Build Your Own Image Classifier- Train a CNN on CIFAR-10

A Comprehensive Guide to Building and Optimizing CNNs with CIFAR-10 Dataset

Jan 04, 2024

∙ Paid

Dive into the world of Convolutional Neural Networks (CNNs) with our detailed guide on building and optimizing your own image classifier using the CIFAR-10 dataset. This journey will take you through the nuances of setting up your coding environment in Google Colab, understanding the intricacies of implementing convolutional and pooling layers, and the significance of batch normalization in enhancing network performance. Whether you’re a beginner or an experienced practitioner, this guide offers a step-by-step approach to mastering CNNs, from basic layer implementation to fine-tuning and debugging for optimal results. Get ready to harness the power of CNNs and unlock the potential of image classification with hands-on examples and practical insights.

# this mounts your Google Drive to the Colab VM.
from google.colab import drive
drive.mount('/content/drive', force_remount=True)

# enter the foldername in your Drive where you have saved the unzipped
# assignment folder, e.g. 'cs231n/assignments/assignment3/'
FOLDERNAME = 'cs231n/assignments/assignment2/'
assert FOLDERNAME is not None, "[!] Enter the foldername."

# now that we've mounted your Drive, this ensures that
# the Python interpreter of the Colab VM can load
# python files from within it.
import sys
sys.path.append('/content/drive/My Drive/{}'.format(FOLDERNAME))
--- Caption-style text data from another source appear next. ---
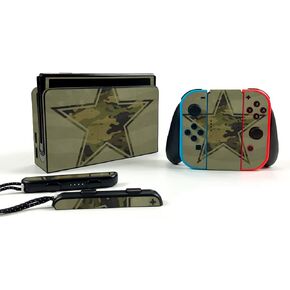MightySkins Skin Compatible with Nintendo Switch OLED - Army Star | Protective, Durable, and Unique Vinyl Decal wrap Cover | Easy to Apply, Remove, and Change Styles | Made in The USA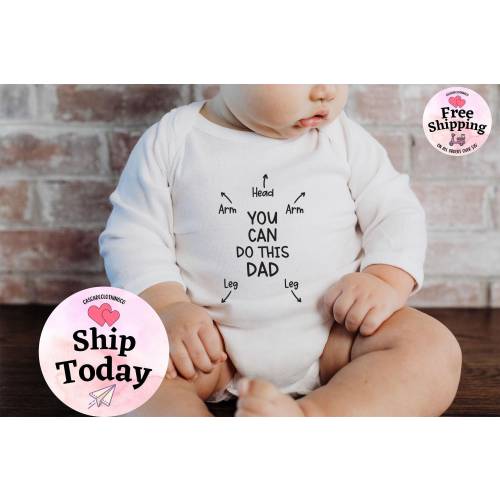 Funny You Got This Daddy Onesie®, Funny Baby Onesie®, New Dad Gift, Baby Announcement, Funny Baby Clothes, Gift for New Daddy, Baby Gift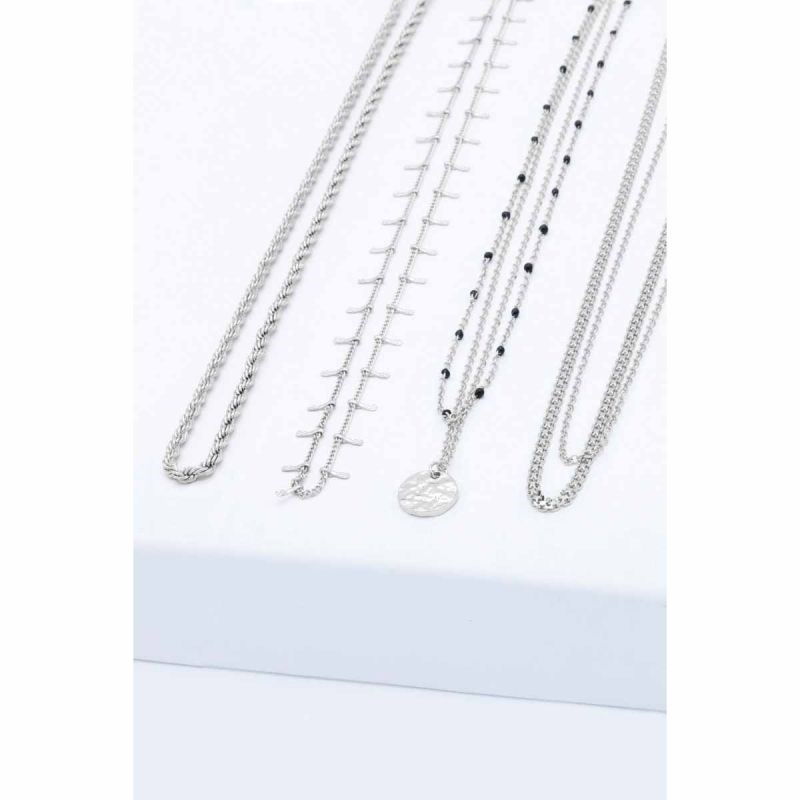 Bougie Bijou MIEL Collier argenté - vue 3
# this downloads the CIFAR-10 dataset to your Drive
# if it doesn't already exist.
%cd drive/My\ Drive/$FOLDERNAME/cs231n/datasets/
!bash get_datasets.sh
%cd /content

It imports the Google Drive module from the google.colab library. In the second line, the Google Drive is mounted to the Colab virtual machine VM and forced to be remounted if it is already mounted. Colab can access files and folders from the user’s Google Drive using this code. As part of the code, the user must enter the folder name in their Google Drive where they have saved the unzipped assignment folder. If the foldername is empty, it raises an error. For the next step, the correct folder is accessed. Afterward, the code imports the sys module and adds the user’s Google Drive path to the system path. Colab VM’s Python interpreter is able to access and load Python files within the specified folder. Following that, the code downloads the CIFAR-10 dataset to the user’s Google Drive if it doesn’t already exist. It is commonly used in computer vision tasks, and the code downloads it to the specified location. Lastly, the code sets the current working directory to the specified folder in the Google Drive so it can access files in that folder and work with them within Colab.

Download the source code from the link in comment section. If the link is not there that means I working I will post it till 5 Jan 2024.

Implementing Convolutional Networks

We’ve previously delved into deep fully-connected networks, utilizing them to delve into various optimization techniques and architectural designs. While fully-connected networks provide an efficient platform for experimental purposes due to their computational simplicity, the cutting-edge achievements in the field are predominantly achieved through convolutional networks.

Your initial task will be to develop a series of layer types commonly employed in convolutional networks. Subsequently, you will apply these custom layers to construct and train a convolutional network, specifically targeting the CIFAR-10 dataset for practical application and testing.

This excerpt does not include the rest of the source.